Fragt man die Besucherinnen und Besucher, sieht das etwas anders aus. “Generationen kommen zusammen”, freut sich eine Besucherin, die sich mit ihrer Tochter auf dem Markt verabredet hat. “Einmalig” sei dieser Weihnachtsmarkt, ist das Urteil einer Gruppe von Arbeitskollegen, die nach Feierabend für den einen oder anderen Glühwein hergekommen sind. “Wir werden auch auf andere Weihnachtsmärkte gehen”, sagt einer von ihnen. Aber da werde es teurer sein, hier könnten sie sich einen Glühwein mehr gönnen.
Auch fünf Frauen vom hiesigen Seniorennetzwerk nutzen die Gelegenheit, zu “vernünftigen Preisen” einen Glühwein zu trinken. So könnten sie mal dem Alltag entfliehen, ist ihr einhelliges Urteil. Doch eine von ihnen kommt ins Grübeln, nachdem sie kurz zuvor in eine Fernsehkamera gesprochen hat: “Sich so instrumentalisieren zu lassen, ist kein schönes Gefühl.” Schließlich mache sie damit kostenlose Werbung für den Großkonzern. Aber so richtig schlimm findet sie es nach eigenem Bekunden dann doch nicht. Der Glühwein schmeckt einfach zu gut – und dann tut man auch noch etwas Gutes damit.

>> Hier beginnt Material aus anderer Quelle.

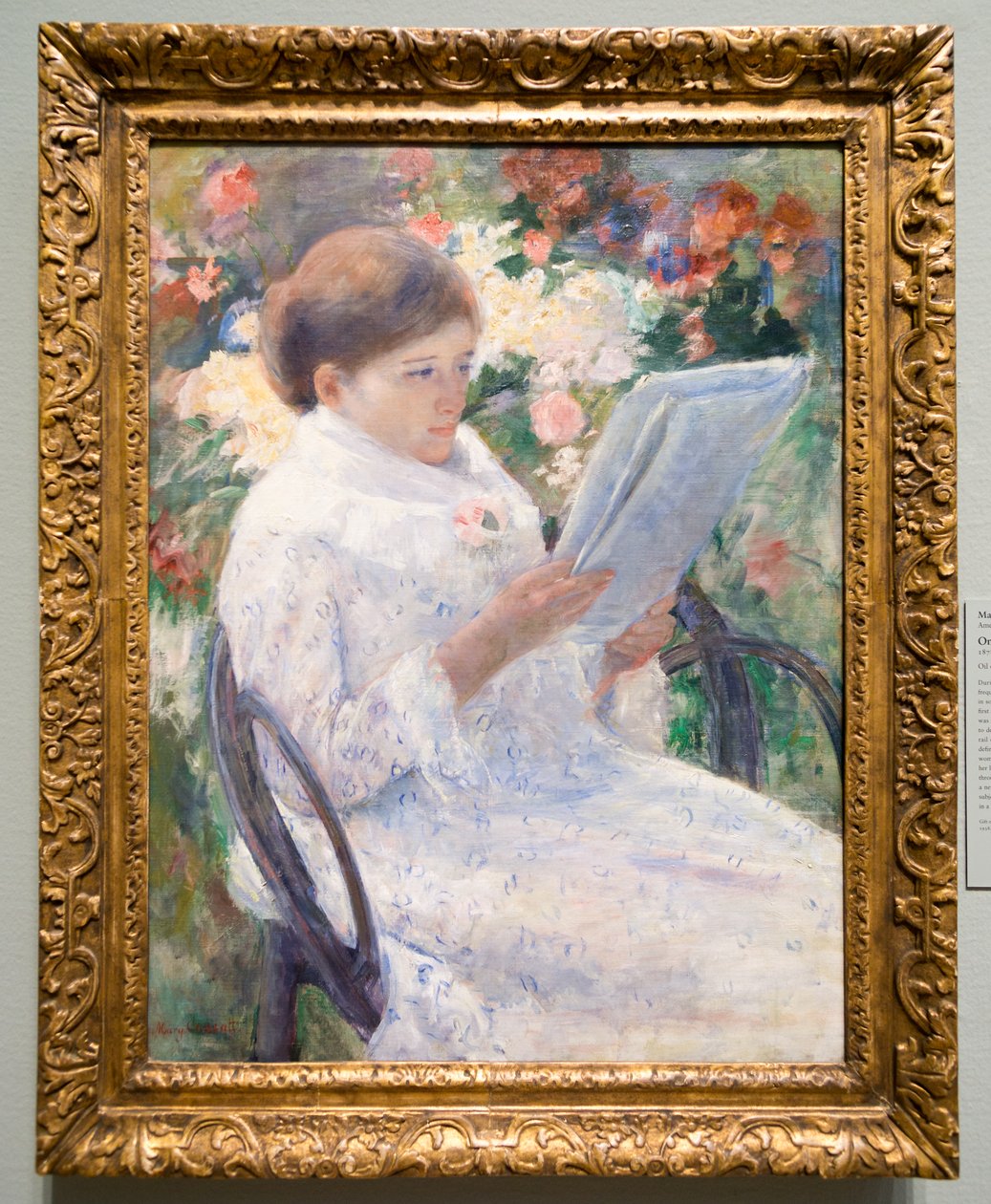 Su un balcone da Mary Cassatt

Aldi Süd möchte mit dem Markt nach eigenen Angaben ein Zeichen setzen. Der Discounter ermögliche mit den günstigen Preisen “eine bezahlbare Weihnachtszeit für alle”. In Köln, Frankfurt, Stuttgart und München war und ist der “günstigste Weihnachtsmarkt” in diesem Jahr zu Gast. “Wir freuen uns, dass wir die Aktion erweitern konnten”, sagt Pressereferentin Jasmin Wüstenberg.
Premiere feierte der Weihnachtsmarkt vor einem Jahr in Köln. Ein wichtiger Punkt sei, dass alle Einnahmen gespendet würden – in diesem Jahr an die Off Road Kids Stiftung, die sich für obdachlose Kinder und Jugendliche einsetzt.
Die Dämmerung setzt ein und damit füllt sich der Markt. Am Crepes-Stand ist schon den ganzen Nachmittag eine lange Schlange. Familien mit Kindern möchten zuschlagen. Langsam werden auch die Schlangen an den beiden Glühweinständen länger. Im Studentenviertel spricht es sich schnell herum, wenn es das Wintergetränk zum Sonderpreis gibt. Die weihnachtliche Dekoration kommt jetzt so richtig zur Geltung. Nur ein “Glühweinmarkt”? Dem würde hier wohl kaum jemand zustimmen, auch von denen, die nur für das Getränk hier sind.
“Fühlst du das Fest?” – Das ist das Motto des Kurzweihnachtsmarkts. Das möchte Mitte November dann doch noch nicht ganz gelingen. Doch im zur Fotobox umfunktionierten alten VW-Bulli können schon einmal ein paar lustige Fotos gemacht werden, die in wenigen Wochen dann Weihnachtskarten zieren.